» **What needs to be done**:
Leave out all pictures and retype exactly the lines from the one with "Hello, I'm Walt" through the last line of the material.

» **Exercise data**:
★ ★ ★ ★

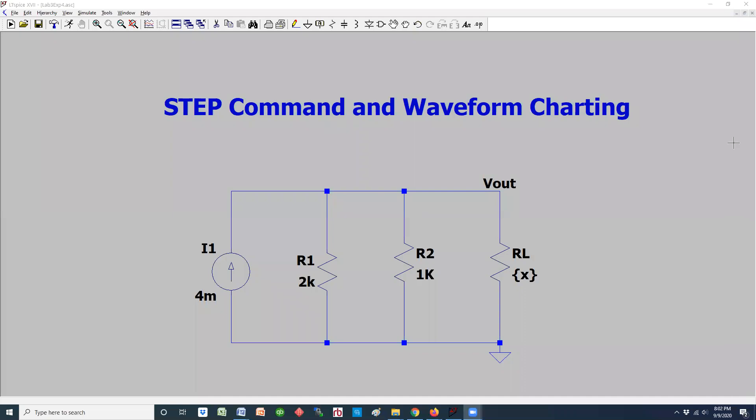Welcome back to another video on LTSpice. In this video, we're going to focus on two things: one is called the step command, and then a way to chart the waveform after we've done the simulation. The assumption is that you have installed LTSpice and have a working knowledge of how to use the different features, including simulation. We're going to make those assumptions and move to the next step.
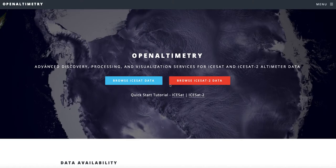Hello, I'm Walt Meyer, the NSIDC DAC scientist, and I'm going to give you a brief overview of Open Altimetry. Open Altimetry is a tool for discovery, exploration, and visualization of ICESat-2 and ICESat altimeter data.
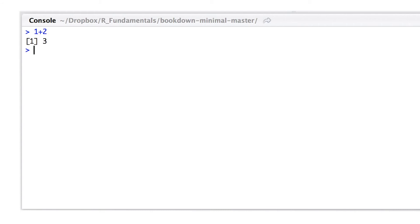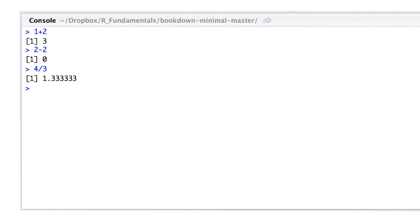So let's type in some simple equations. What's 1 plus 2? You'll see that I typed in 1 plus 2 and the output here is 3. And 2 minus 2, the output is 0. We used an operator called the minus operator. We'll divide 4 by 3 in this example and we get an output of 1.3. And let's multiply 3 times 3 and see that the output is 9.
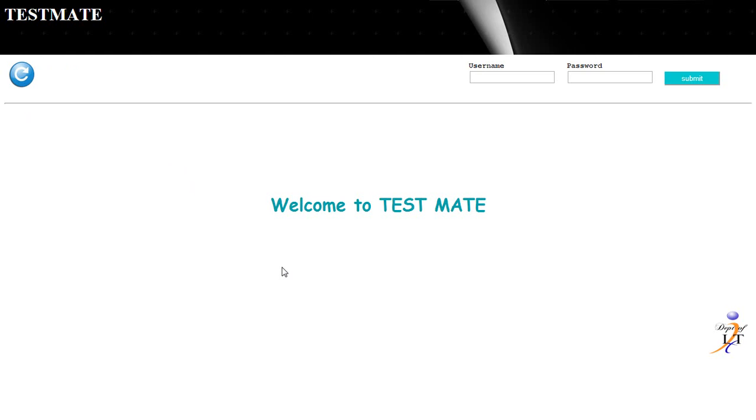This type of examination system will be very useful for colleges and schools to improve the knowledge of the students.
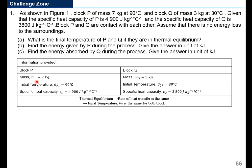Information provided: Block P — mass 7 kg, initial temperature θP1 is 90 degrees Celsius, specific heat capacity CP is 4,900 J per kg per degree Celsius. Block Q — mass 3 kg, initial temperature θQ1 is 30 degrees Celsius, specific heat capacity CQ is 3,800 J per kg per degree Celsius.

★ ★ ★ ★

» **Output below**:
Hello, I'm Walt Meyer, the NSIDC DAC scientist, and I'm going to give you a brief overview of Open Altimetry. Open Altimetry is a tool for discovery, exploration, and visualization of ICESat-2 and ICESat altimeter data.
So let's type in some simple equations. What's 1 plus 2? You'll see that I typed in 1 plus 2 and the output here is 3. And 2 minus 2, the output is 0. We used an operator called the minus operator. We'll divide 4 by 3 in this example and we get an output of 1.3. And let's multiply 3 times 3 and see that the output is 9.
This type of examination system will be very useful for colleges and schools to improve the knowledge of the students.
Information provided: Block P — mass 7 kg, initial temperature θP1 is 90 degrees Celsius, specific heat capacity CP is 4,900 J per kg per degree Celsius. Block Q — mass 3 kg, initial temperature θQ1 is 30 degrees Celsius, specific heat capacity CQ is 3,800 J per kg per degree Celsius.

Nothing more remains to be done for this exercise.